Going through several of my martial characters in Part 1, one trend is starting to stand out to me. In a very low magic game, the average of 9 damage from a 1st level divine smite may really stand out. A third level divine smite is an average of 18 extra damage, fun but not exactly efficient for a 3rd level spell slot. In games with more magic, this damage stands out even less. Meanwhile, sustained damage turn over turn climbs with extra attacks from the Nick property and Dual Wielder feat or new Great Weapon Master not penalizing accuracy. One thing to note is that Improved Divine Smite plus new access to the two weapon fighting style makes Paladins a potential sustained damage master if they dual wield.
Paladins, who may be the most traditional sword and board class, may feel a lot of damage FOMO if they stay in their traditional tanky role. As we’ll see when I talk about clerics and druids next and certain bards in Part 4, the damage output for support classes dropped significantly without certain narrow modifications. However, the tanky paladin can still frustrate the DM by being hard to kill and making everyone else harder to kill.
Other new paladin features are more situational / game dependent. Lay on Hands as a bonus action can be great if an ally gets dropped to 0 hit points or the DM uses lots of poison (or lots of conditions at level 15+). Find steed for free is great for some players’ fantasy but I asked my home game DM for any alternate feature because I a incredibly cumbersome with mounted combat. Abjure foes is great if your paladin has a weaker channel divinity.

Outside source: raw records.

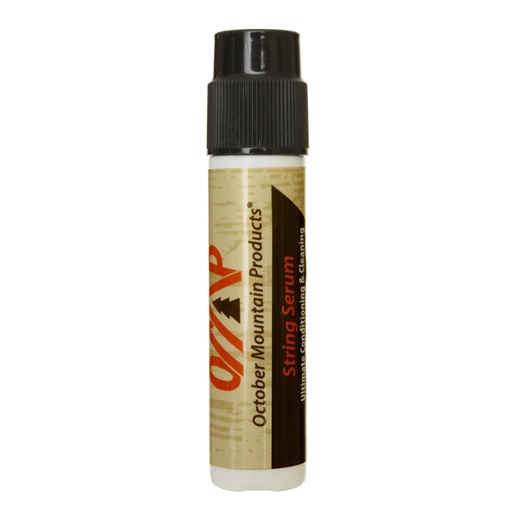 Picture of October Mountain String Serum Bowstring Fluid .25 oz 811314023988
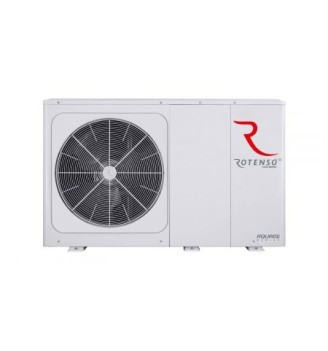 Pompa ciepła Rotenso Aquami Monoblock AQM140X3 R14 (jednostka zewnętrzna)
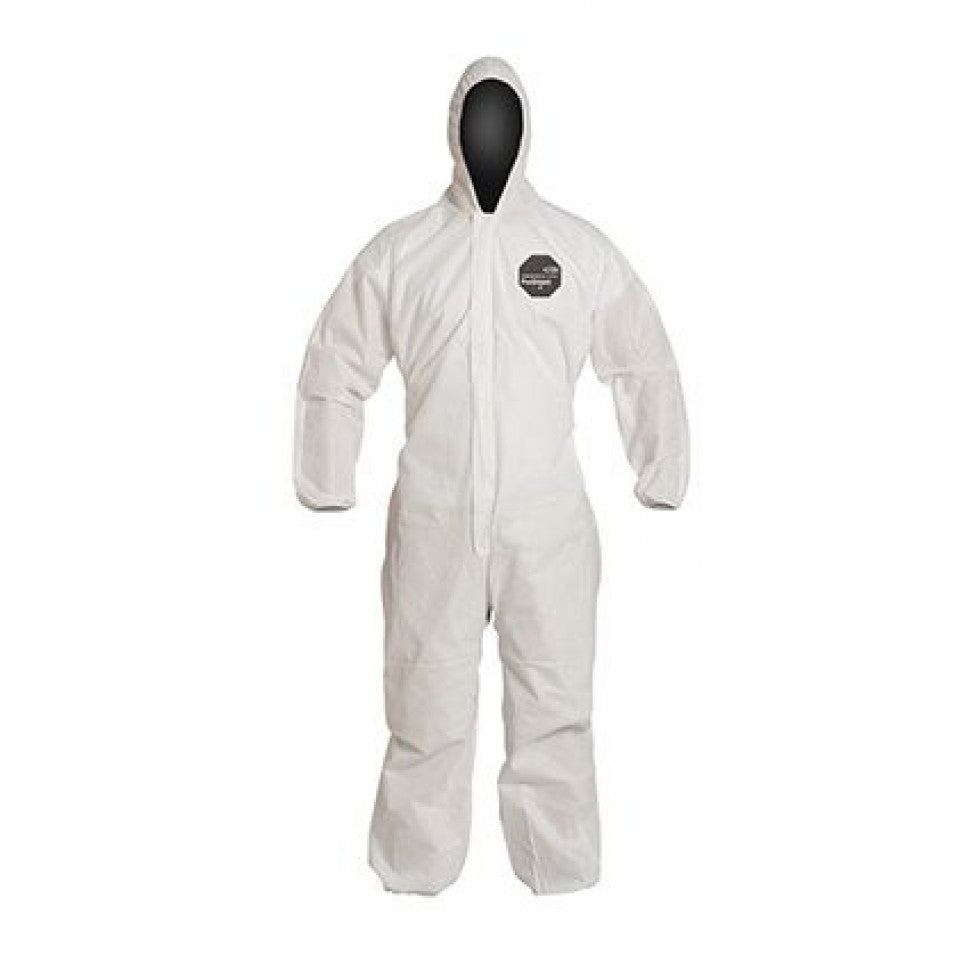 DuPont™ ProShield® 10, Disposable Coverall - Large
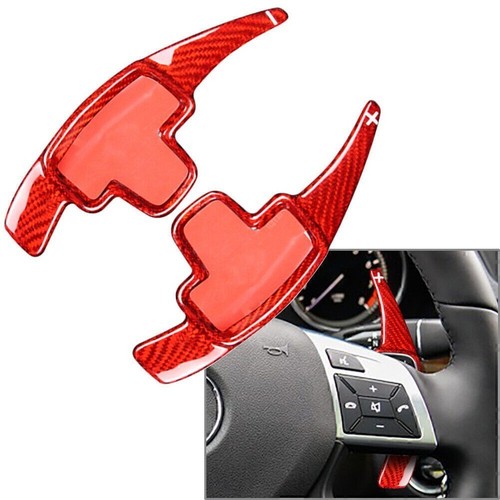 Steering wheel shift paddle - wheel,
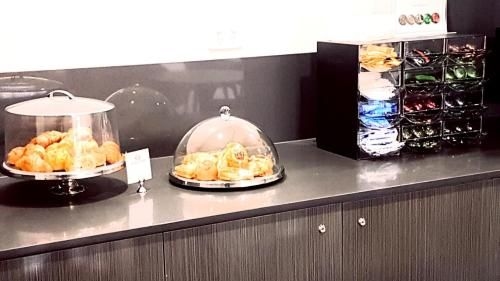 แวลูสวีท กรีน สแควร์ (ValueSuites Green Square)3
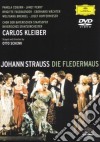 (Music Dvd) Johann Strauss - Die Fledermaus cd
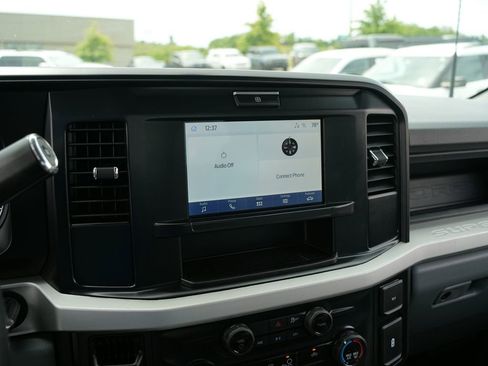 Used 2025 Ford F350 XL AWD/4WD image 15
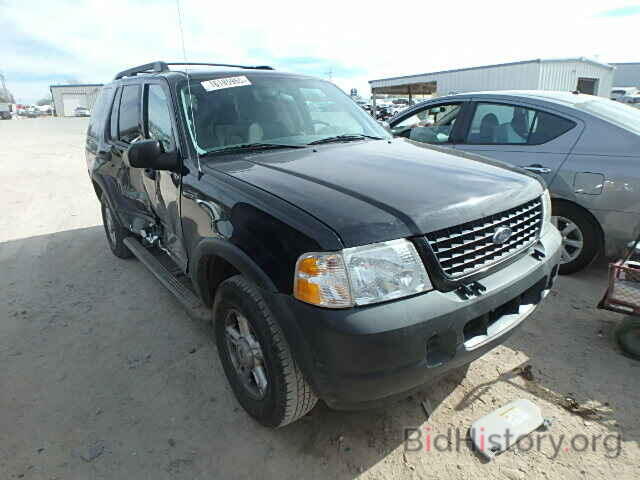 Photo 1FMZU62K75ZA64659 - FORD EXPLORER 2005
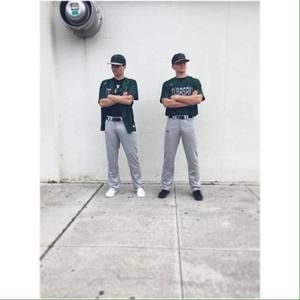 Meet your Posher, Collin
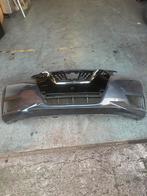 Voorbumper en Grille Nissan Micra K14, Nieuw, Ophalen of Verzenden, Bumper, Voor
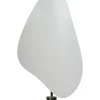 Lys & Lysestager<Audo Copenhagen Flambeau CH, H34, Wall, Black/Polis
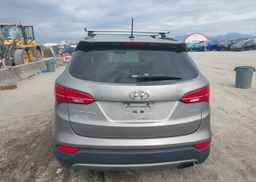 2015 HYUNDAI SANTA FE SPORT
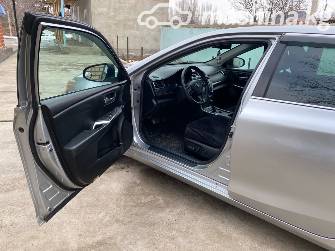 Toyota Camry VII (XV50) Рестайлинг 2.5 AT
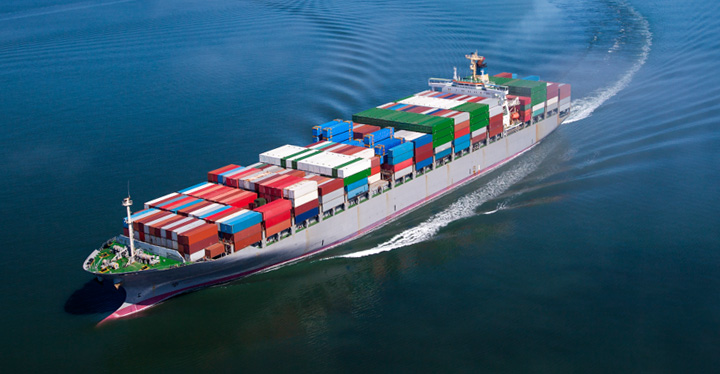 T&M Forwarding Co.,Ltd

I haven’t gone through all the spell changes yet. So far, only a few stand out:
Divine favor no longer takes concentration. Once you get a second attack, 1d4 per round can add up over 2-3 round of a fight. For me, I think I can accept this as a trade for divine smite from an efficiency / game mechanics perspective. Howeve, not being able to easily smite when I roll a critical hit feels bad.
Some players are very drawn to prayer of healing. In my games as a DM, there’s rarely if ever a benefit to using this as opposed to taking a short rest. In level 11-20 games where there is a penalty for taking an hour to rest, like a harder boss fight, a second level spell slot is far too low of a cost to offset the penalty.
Laucian
Half-Elf Glory Paladin 16
Laucian helped elves and other non-humans get out of a city that fell to a humans-only tyrannical regime. Early in their adventuring career, Laucian died and was immediately revived with one small catch…they believed they were the deity who created Toril. Laucian quickly became a paladin of Laucian. They are a benevolent creator, loving all of their children, except undead, mind flayers, fiends and chromatic dragons (not Laucian’s children). At a table, Laucian is also the butt of some jokes. “If you believe in my divine protection, you get 22 temporary hit points from Inspiring Leader.” Party: “I want the temporary hit points, but…”

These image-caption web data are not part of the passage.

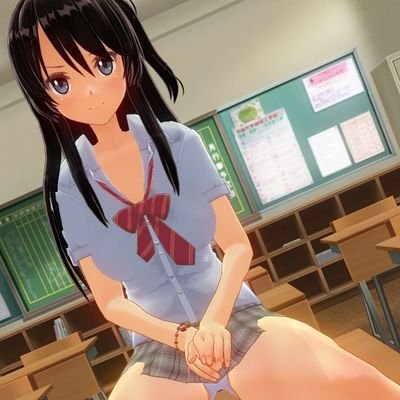 ダンゴ@CM3D2さんのプロフィール画像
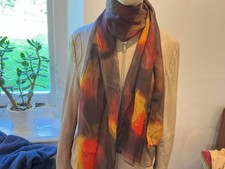 Patra Beautiful Long Scarf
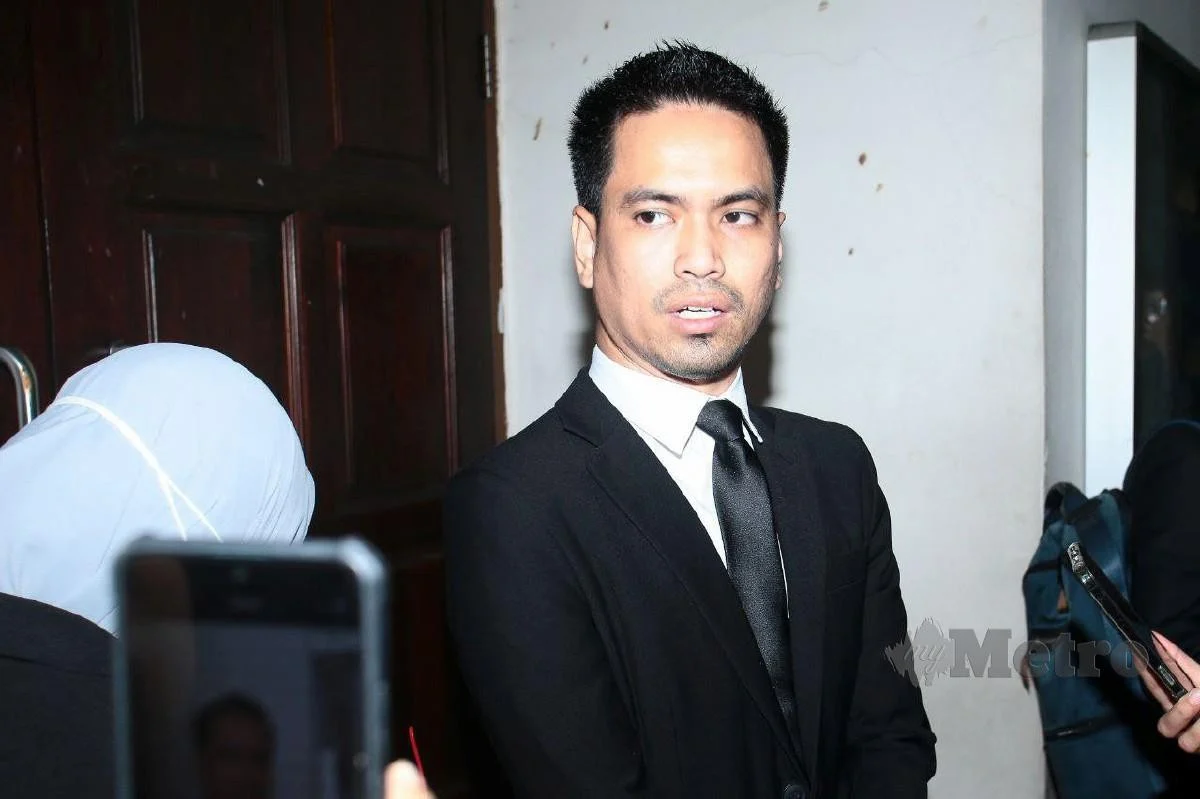 Peguam tidak lagi mewakili ibu bapa Zayn Rayyan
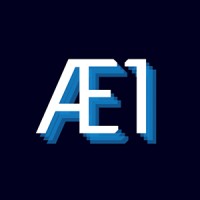 Æ1 logo - Similar company to Tracktive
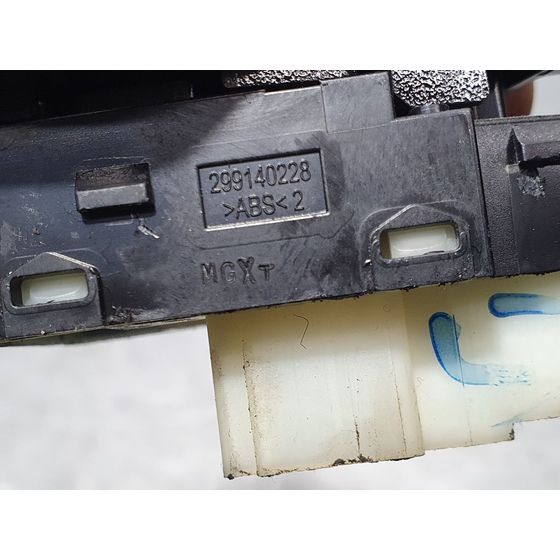 Mando Retrovisor para Hyundai I20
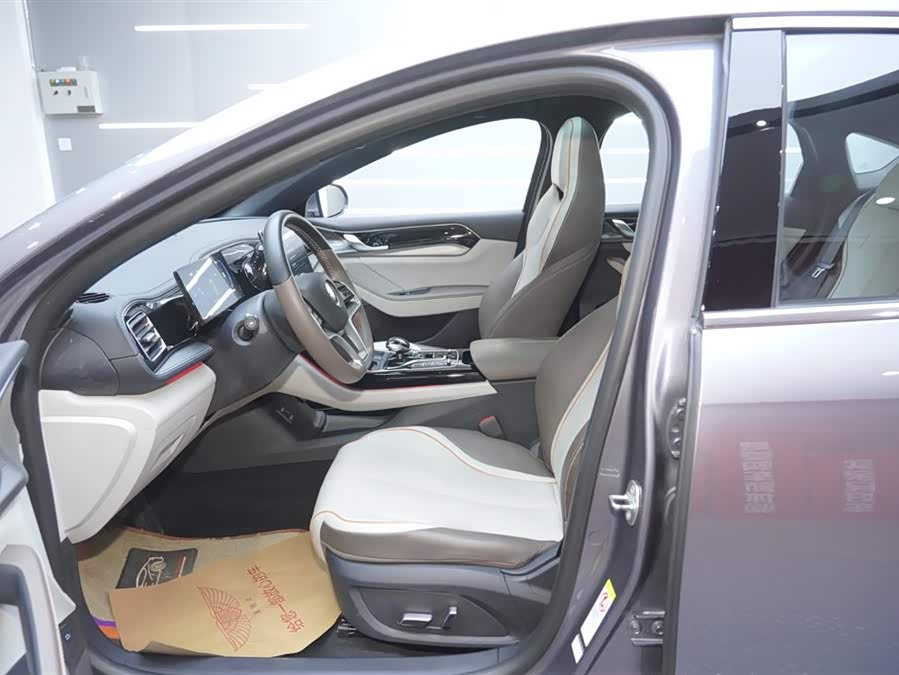 BYD Qin Plus 2024 immagine di auto #15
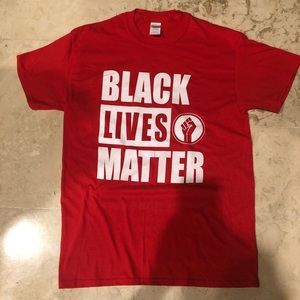 Black Lives Matter T-shirt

2014 PHB Rating: 10. Laucian was an Ancients Paladin for a long time, but the possible narcissism and self-promotion of the Glory oath made much more sense after it was released. This also came after WotC severely reduced the value of the Ancients paladin’s aura against spell damage. The Glory paladin’s level 15 ability to deflect an attack and counterattack is great, particularly when smiting on the counterattack because it feels so memorable if that kills an enemy.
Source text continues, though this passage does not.